There are lot of places where bit shift operations are regularly used outside of their usage in numerical computations. For example, Bitboard is a data structure that is commonly used in board games for board representation. Some of the strongest chess engines use this data structure mainly for speed and ease of move generation and evaluation. These programs use bit operations heavily and bit-shift operations specifically are used in a lot of contexts - such as finding bit masks, generating new moves on the board, computing logarithm very quickly, etc. There are even very advanced numerical computations that can be done elegantly by clever use of bit operations. Check out this site for bit twiddling hacks - a lot of those algorithms use shift operators. Bit shift operations are regularly used in device driver programming, codec development, embedded systems programming and so on.
Shifting allows accessing specific bits within a variable. The expression (n >> p) & ((1 << m) - 1) retrieves an m-bit portion of the variable n with an offset of p bits from the right.
This allows your program to use integers that aren't multiples of 8 bits, which is useful for data compression.

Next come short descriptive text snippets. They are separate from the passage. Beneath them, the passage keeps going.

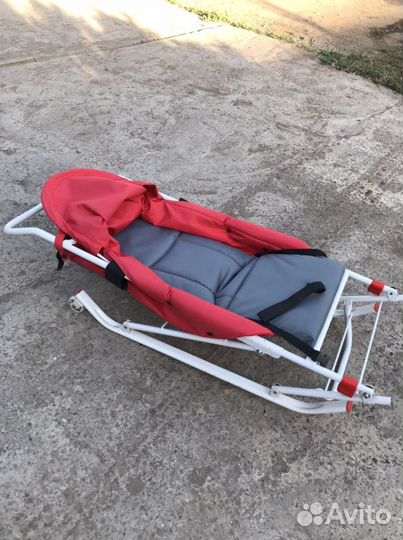 Санки с колесами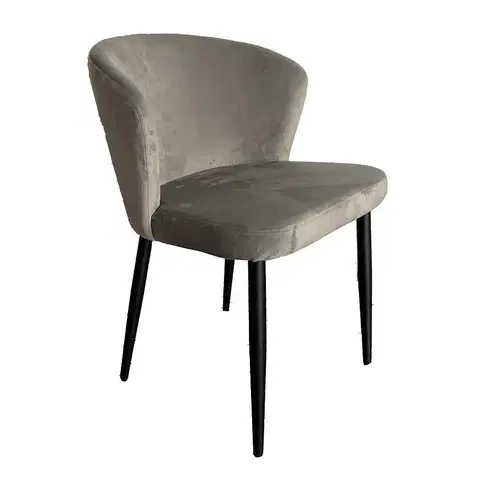 Čalúnené stoličky Stolička Misty Grey G062-39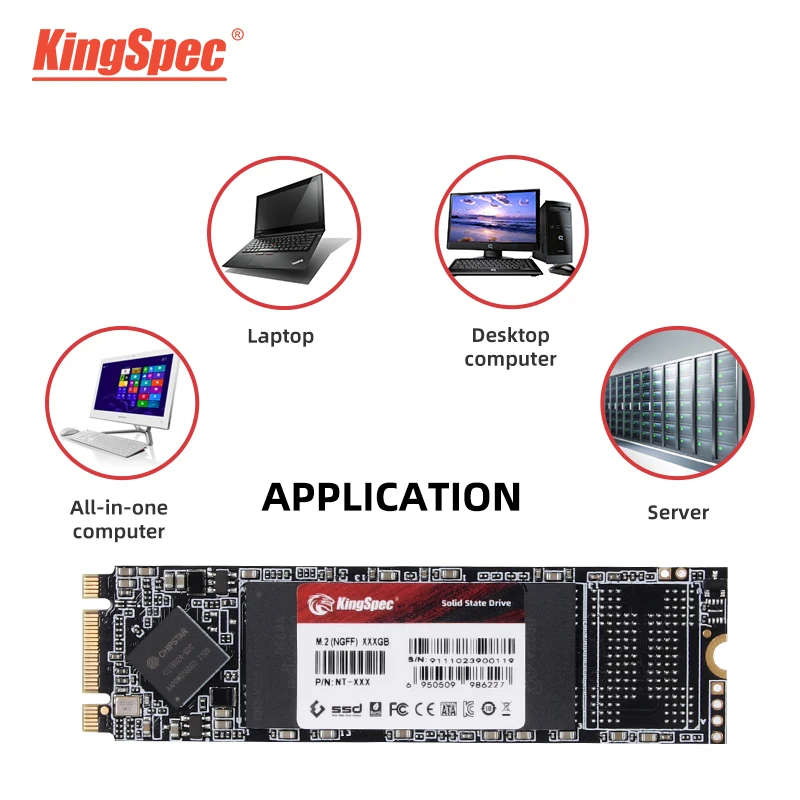 『新品未使用』　KingSpec 2280 NVMe SSD 4TB M.2 KingSpec SSD M2 Gen4 NVMe 1TB 2TB 4TB Drive M.2 2280 PCIe 4.0 HDD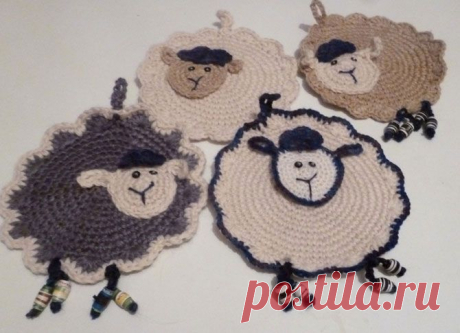 Изумительный handmade: Прихватки «Барашки» | Изюминки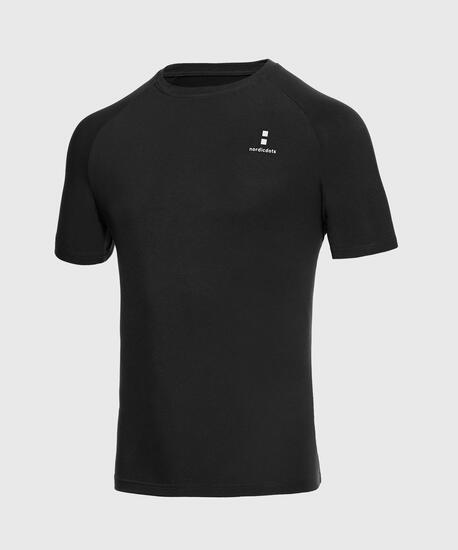 T-shirt de Tennis/Padel Organique Homme Noir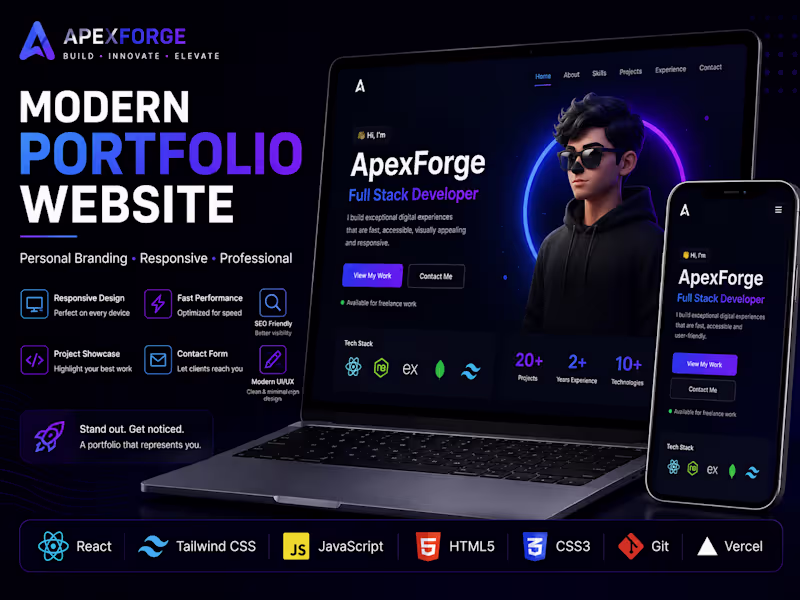 Cover image for Build a Modern Portfolio Website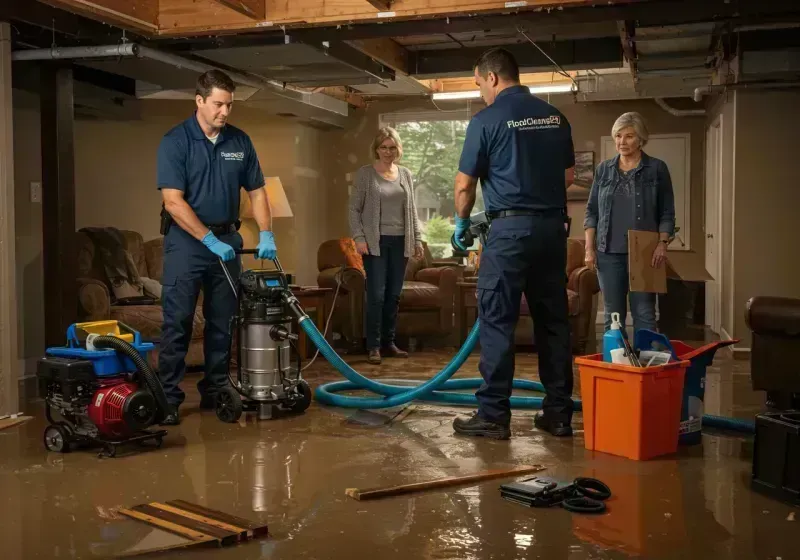 Basement Water Extraction and Removal Techniques process in University Heights, IA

For example, I used it in my Netflix Prize programs to pack records (22-bit user ID + 15-bit movie ID + 12-bit date + 3-bit rating) into a uint64_t (with 12 bits to spare).
A very common special case is to pack 8 bool variables into each byte. (Unix file permissions, black-and-white bitmaps, CPU flags registers, etc.)
Also, bit manipulation is used in UTF-8, which is a very popular character encoding. Unicode characters are represented by distributing their bits across 1, 2, 3, or 4 bytes.